David, I think that you’ve hit the nail on the head. I imagine how I would react if a job posting said “the majority of successful candidates grew up in families with either wealth or income in the top quartile of their home country,” and I know even though that is predictive of success (and it might be a useful data point for estimating how likely m own application would be to succeed). I wouldn’t want to see it as a candidate. We could substitute in something less controversial, such as height, and I think that my preference to not see it would remain the same.
Right, but there is definitely a way you can communicate this information without being misleading. You could say, “in previous rounds, >50% of successful applicants had a PhD, but we do not assign weight to PhDs and do not believe there is a direct causal relationship between having a PhD and receiving an offer”.
I broadly agree that such a statement, taken completely literally, would not be misleading in itself. But it raises the questions:
What useful information is being conveyed by such a statement?
If interpreted correctly, I think the applicant should take anything actionable away from the statement. But what I suspect many will do, will be to conclude that they probably shouldn’t apply if they don’t have a PhD, even if they meet all the requirements.
What is pragmatically implied by such a statement?
People don’t typically go out of their way to state things which they don’t think are relevant (without some reason). So if employers go out of their way to state “>50% of successful applicants had a PhD...”, even with the caveat, people are reasonably going to wonder “Why are they telling me this?” and a natural interpretation is “They want to communicate that if I don’t have a PhD, I’m probably not suited to the role, even if I meet all the requirements”, which is exactly what employers don’t want to communicate (and is not true) in the cases I’m describing.[1]

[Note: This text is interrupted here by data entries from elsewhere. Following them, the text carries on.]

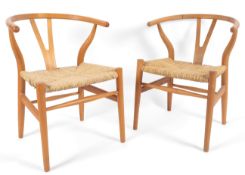 Hans Wegner (Danish, 1914-2007) for Carl Hansen & Søn: A pair of 'Model CH24' wishbone chairs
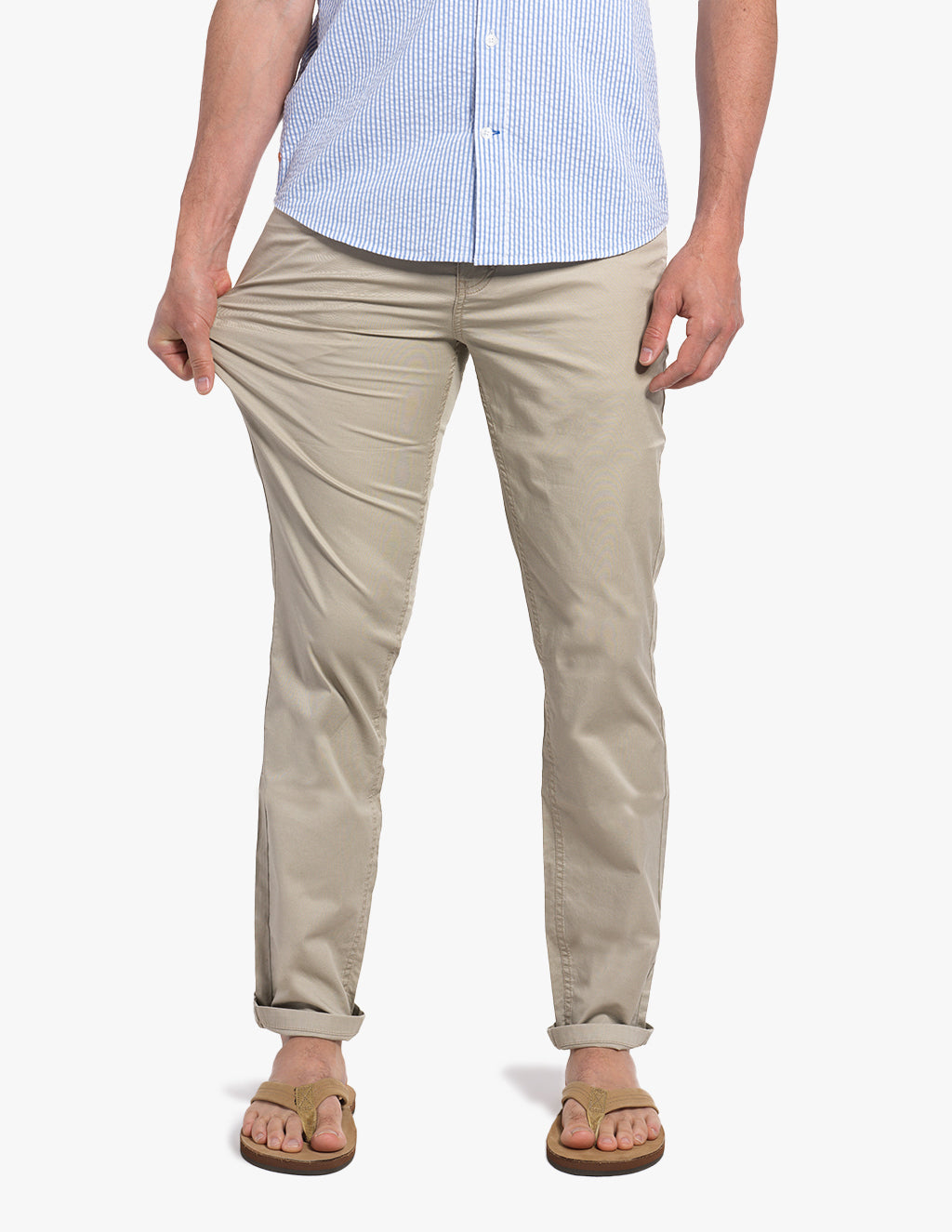 A person wearing Commanders 5-Pocket Chinos in khaki, standing with hands on the pants.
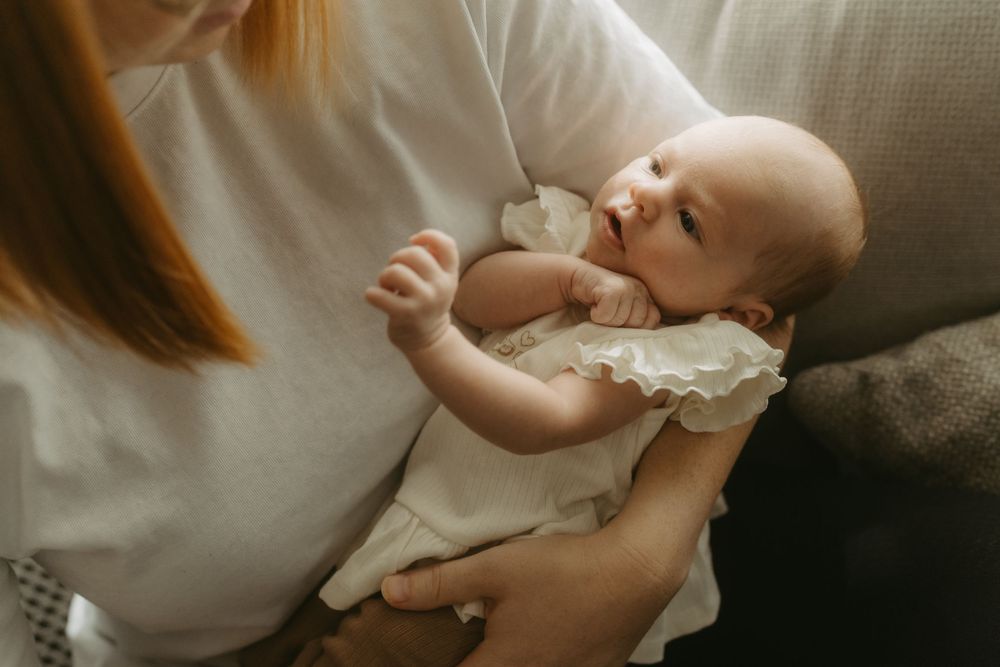 A mother in a white shirt gently cradles her newborn baby girl in a white ruffle dress while seated on a couch.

I think there are roles where unless you have a PhD, you are unlikely to meet the requirements of the role. In such cases, communicating that would be useful. But the cases I’m describing are not like that: in these cases, PhDs are really not relevant to the roles, but applicants will have very commonly undertaken PhDs. I imagine that part of the motivation for wanting to see the information are because people think that things are really like the former case, not the latter case.
Even if your current best guess is that it’s not causal, if having a PhD meaningfully increases your chances of getting hired conditional on having applied, that information would help candidates get a better sense of their probability of getting hired
[edited to specify that I meant conditional on applying]
A relevant reframing here is whether having a PhD provides a high Bayes factor update to being hired. Eg, if people with and without PhDs have a 2% chance of being hired, but “>50% of successful applicants had a PhD” because most applicants have a PhD, then you should probably not include this, but if 1 in 50 applicants are hired, but it rises to 1 in 10 people if you have a PhD and falls to 1 in 100 if you don’t, then the PhD is a massive evidential update even if there is no causal effect.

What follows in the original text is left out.